The Marjorie Barrick Museum of Art believes everyone deserves access to the arts. Located on the campus of the University of Nevada, Las Vegas, the Barrick promotes a powerful awareness of the arts through programs of exhibitions, workshops, lectures, and community activities. Programming is driven by a commitment to diversity and inclusion.
The Barrick Museum of Art promotes a scholarly awareness of art and provides all Southern Nevadans with a robust schedule of free, community-accessible museum- standard visual arts programming. Recognizing that a history of representation enriches a community, the museum is forming a diverse collection of artists with connections to the Southern Nevada region. Research, conservation, and the pursuit of radical interdisciplinary practices are welcomed. By cultivating a robust, free program of exhibitions and events, the Barrick continues to be a place where the arts can become part of everyone’s life.

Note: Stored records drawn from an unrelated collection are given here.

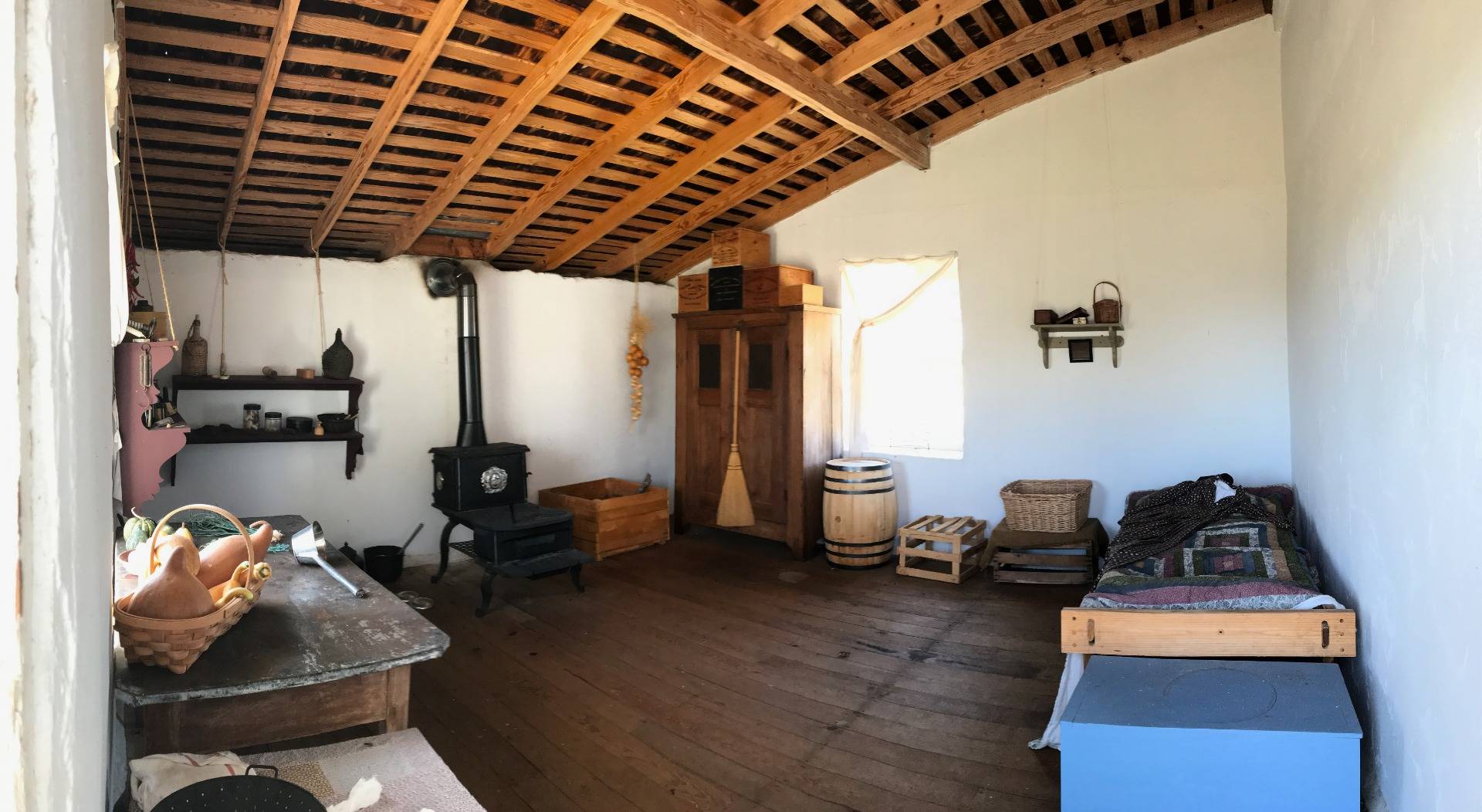 Married officer’s kitchen and servant quarters
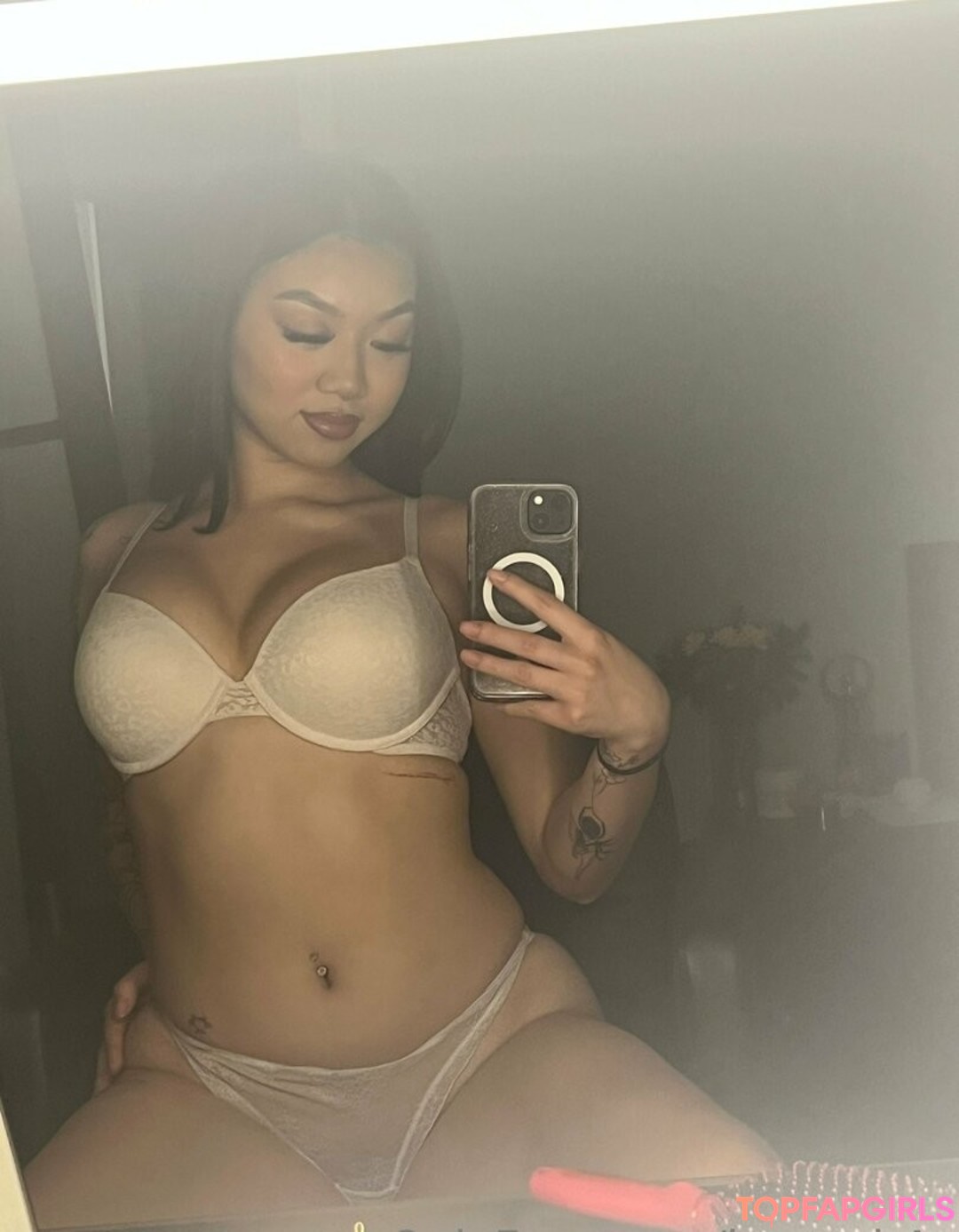 white shemale onlyfans porn image
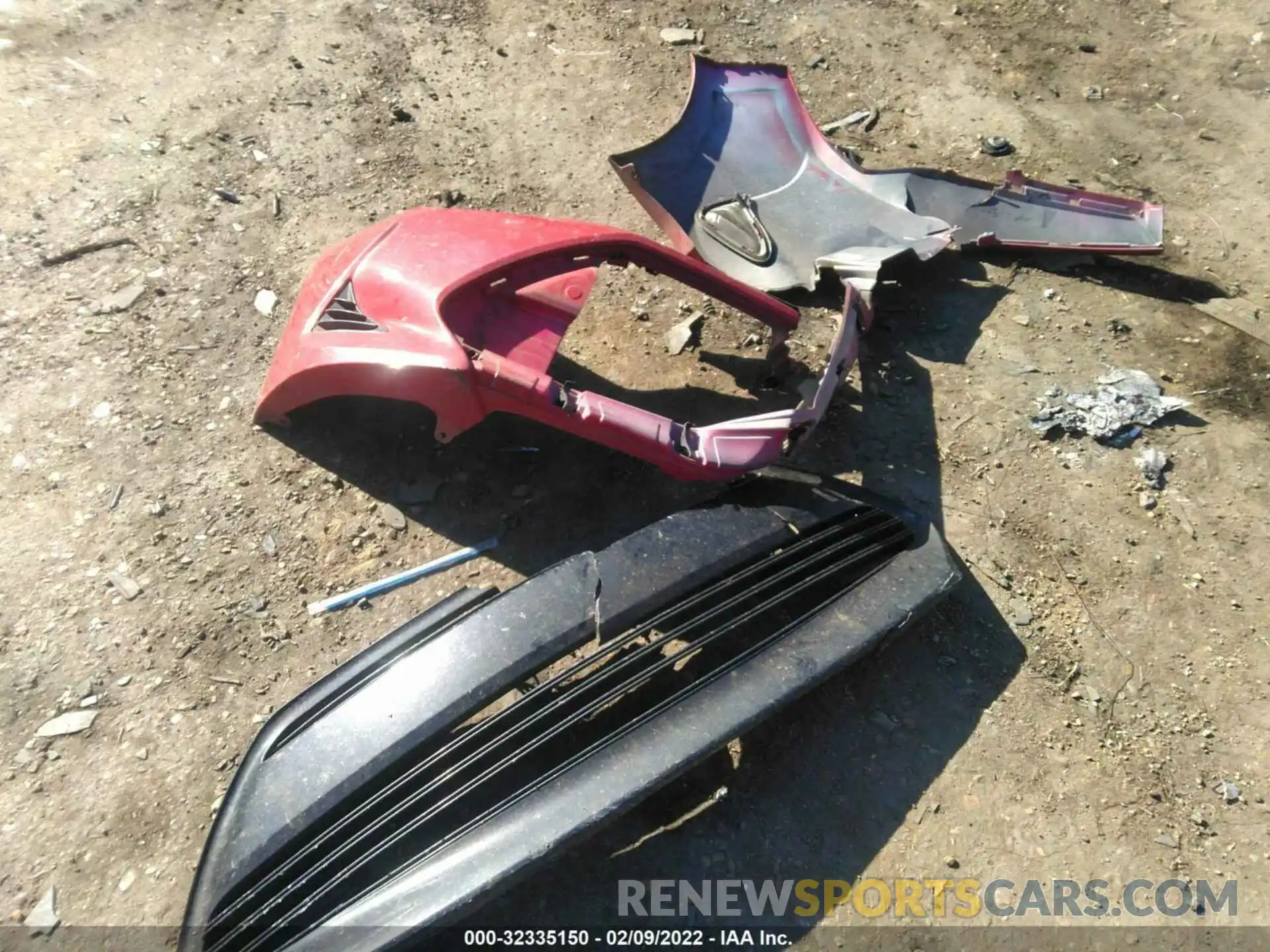 12 Photograph of a damaged car 5YFBURHEXKP926495 TOYOTA COROLLA 2019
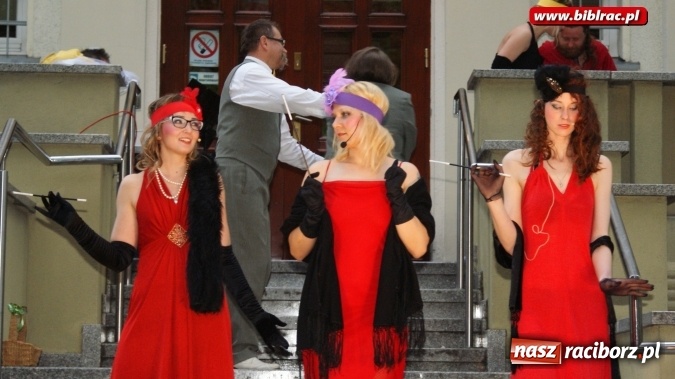 Zdjęcie w galerii na portalu naszraciborz.pl: Szalone Lata Dwudzieste po raz drugi na schodach biblioteki wiadomości z regionu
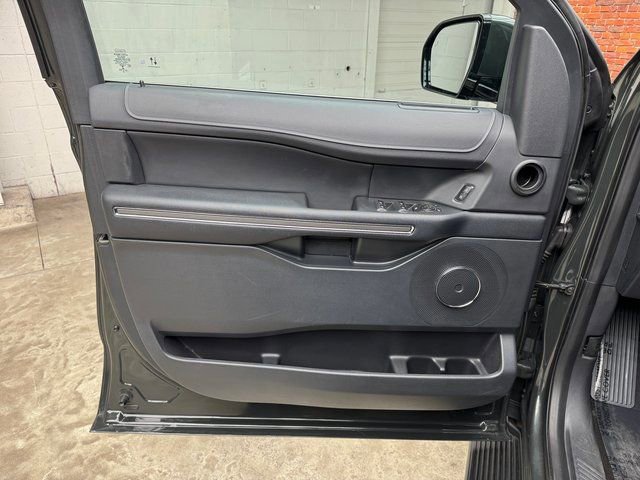 Certified 2022 Ford Expedition XLT image 14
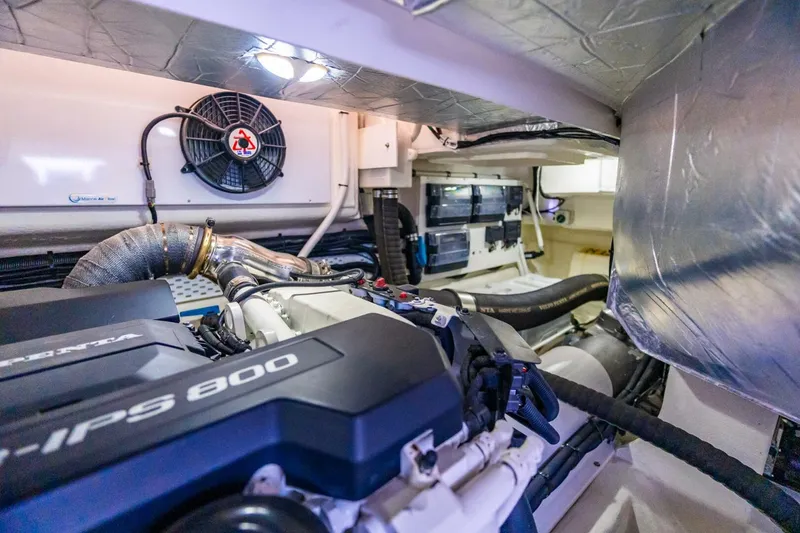 Slide: The Image of Riviera 4800 Sport Yacht 2019 - 74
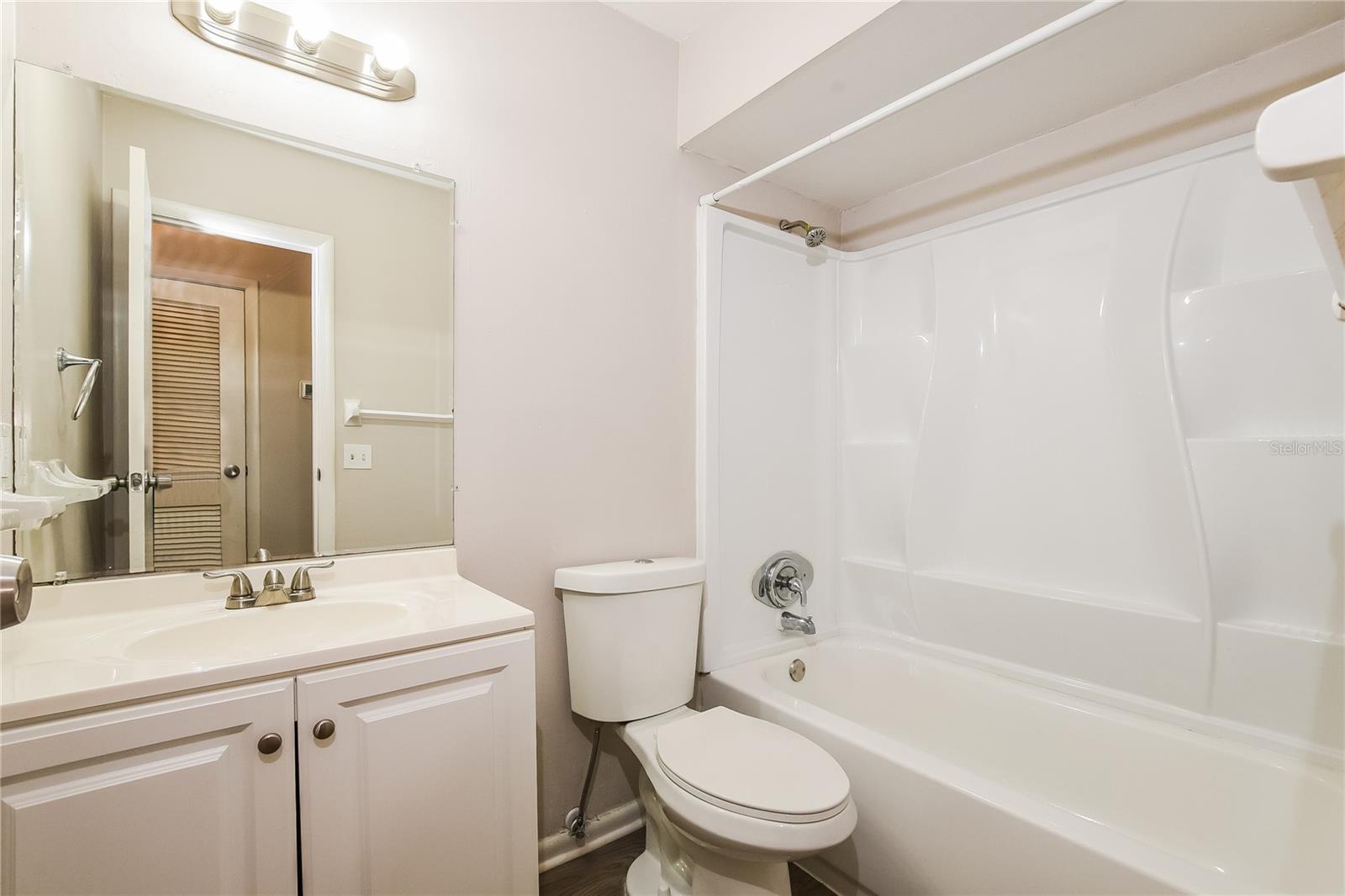 Image 12 of 16 For 705 Woodlawn Drive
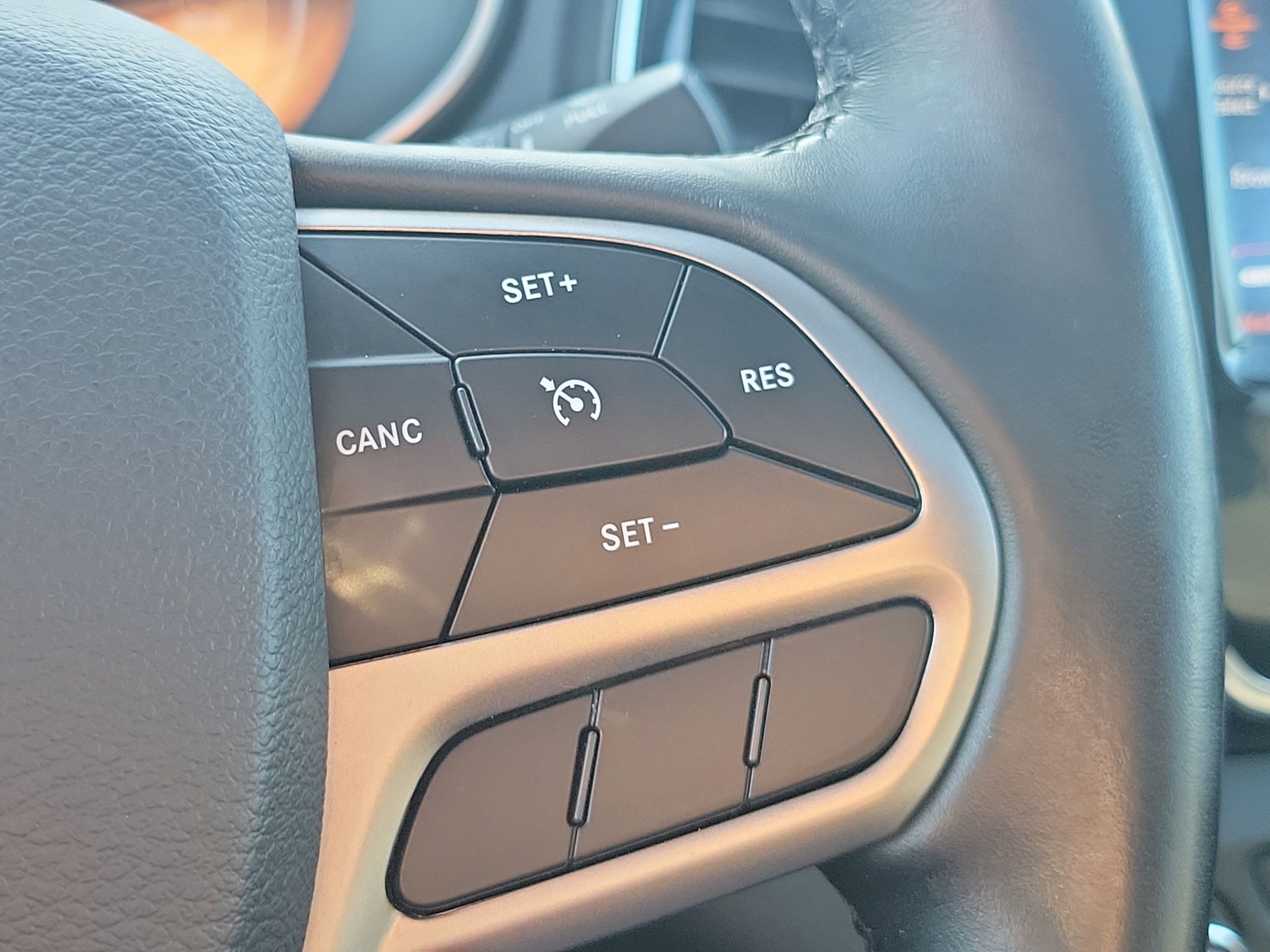 Used 2020 Jeep Cherokee High Altitude AWD/4WD image 26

The Barrick was founded in 1967 as a natural history museum for the higher education community; after years of showing both artifacts and artworks, it solidified its identity as an art museum in 2012 by joining the UNLV College of Fine Arts. Since then it has hosted a regular program of artist talks, community art workshops, and rotating exhibitions of contemporary and ancient art.
The Museum houses a number of collections available to the public and the UNLV community, including artworks from the former Las Vegas Art Museum; Nevada’s portion of the Dorothy and Herbert Vogel 50x50; ceramics from the diverse cultures of Mesoamerica; and works by indigenous and other artists with connections to the Las Vegas area. Exhibitions at the Museum have included objects from these collections as well as installations of work by local and international artists.
The Barrick supports initiatives that promote arts awareness throughout the region, and regularly collaborates with community partners.In 2017 it created an annual program — “Bus to the Barrick” — that raises funds to bring local schoolchildren to the exhibitions for tours and workshops. Targeting schools in underserved areas, the ongoing program has shared practical experiences of visual literacy with thousands of Clark County School District students to date.
Ultimately the Museum’s goal is to be an asset to all Nevadans who are searching for a deepened sense of pride in their state.